WHAT YOU ARE ASKED TO DO
In the records that follow, find the line containing "5 Pc - Royal" and the line containing "parents couple with daughter in the sofa", then transcribe both and every line between them exactly, omitting pictures.

SUPPLIED RECORDS

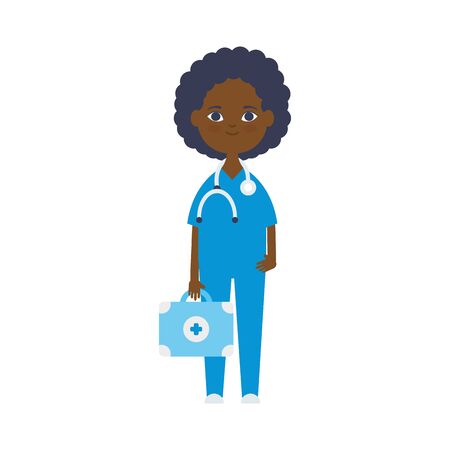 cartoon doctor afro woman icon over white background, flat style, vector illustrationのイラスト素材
* * *
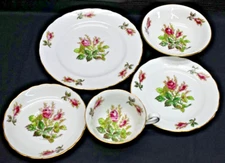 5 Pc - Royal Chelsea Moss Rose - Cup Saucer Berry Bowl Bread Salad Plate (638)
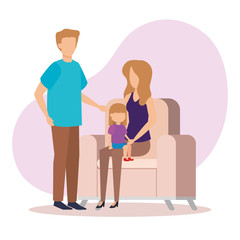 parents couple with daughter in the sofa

RESPONSE
 5 Pc - Royal Chelsea Moss Rose - Cup Saucer Berry Bowl Bread Salad Plate (638)
 parents couple with daughter in the sofa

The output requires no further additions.